Россия и ислам. Том 3 - Марк Батунский 16 стр.


Напомню тут же, что Д.С. Марголиус отрицал даже само существование в предмухаммедовской Аравии ханифизма (выводя термин «ханиф» из племенного имени Бану-Ханифа29). По словам же Губерта Гримме, «ислам в его наиболее ранней форме совершенно не следует связывать с предшествующей ему религией и посредством ее объяснять его значение»30 и т. д.

Я считаю необходимым оценивать эти утверждения, – которых было слишком много для того, чтобы счесть их хаотическим залпом случайностей, а не системой, – не как в общем-то заурядные для истории исторической науки ошибки, огрехи, экстремистские варианты следствий неимоверных преувеличений того «качественно нового», что привнесли в жизнь Аравии Мухаммед и его учение31, а как осознание невозможности соединения структурного подхода (и анализа) с генетическим, историческим. Где-то уже в те времена в умах исламоведов витала мысль о том, что из всех перечисленных мной типов структур ислама – статических, динамических, кинематических, функциональных, генетических – вполне можно выделить в качестве особого типа генетические, и даже не просто выделить, но и разработать их таксономические разновидности, методы описания и анализа их развития. Но эта автономизация генетических структур уже мало что общего имеет с историцизмом32 как неотъемлемой принадлежностью эволюционизма (или даже их взаимотождественности), ибо он, историцизм, не может быть таковым без категорического признания обусловленности данного состояния процесса (то есть явления действительности, протекающего во времени) его предшествующим состоянием.

В только что процитированных тезисах Гольдциэра – и особенно Гримме – доминирует намерение, не только не отрицая необходимости исторического анализа Ислама, но, наоборот, самым тщательным образом им занимаясь, судить все же об исторических изменениях этой религии как об изменениях в рамках целостной системы «Мусульманская цивилизация». О том, что на самом деле представление о ней как о «целостной системе» есть не более чем методологическая абстракция, что она ни в коем случае не является замкнутой системой взаимообусловленных элементов, – об этом обо всем Гольдциэр знал лучше, чем любой другой из предшествовавших и современных ему исламоведов.
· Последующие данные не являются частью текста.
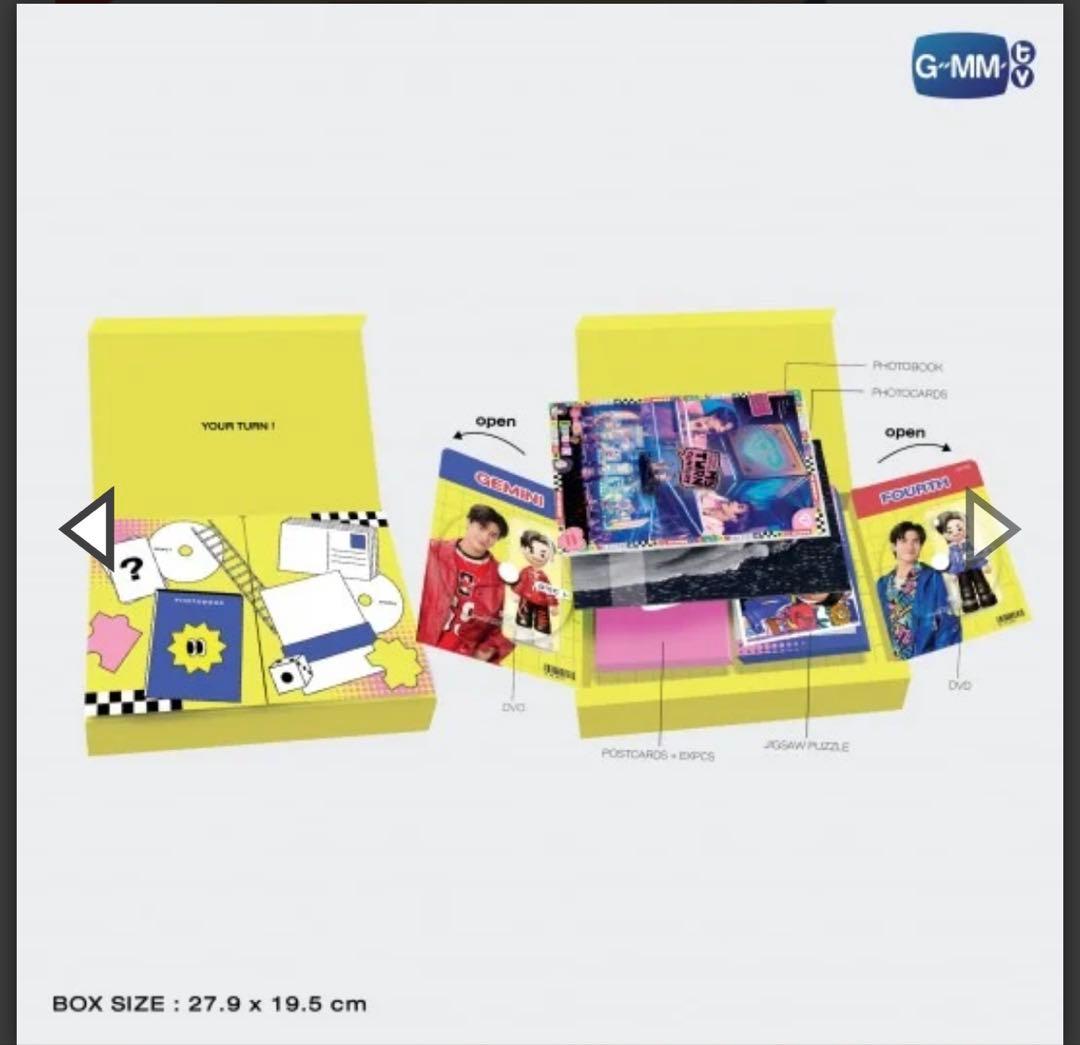 その他 GeminiFourth DVD BOXSET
И тем не менее и он не смог не абсолютизировать метапонятие «Мусульманская цивилизация» и, следовательно, не смог перейти от исторического рассмотрения ее структур к их описанию и наоборот. Впрочем, не только им, но и всем современным обществоведением, пока еще не решена основная проблема – «проблема включения структур в процессы»33.

И тут встает еще одна интересная проблема. Влиял ли на наших исламоведов Фридрих Ницше или нет – все равно, серьезных параллелей между их историологическими суждениями о Мухаммеде и ницшевской философией о «сверхисторическом человеке» (Сверхчеловеке) очень много.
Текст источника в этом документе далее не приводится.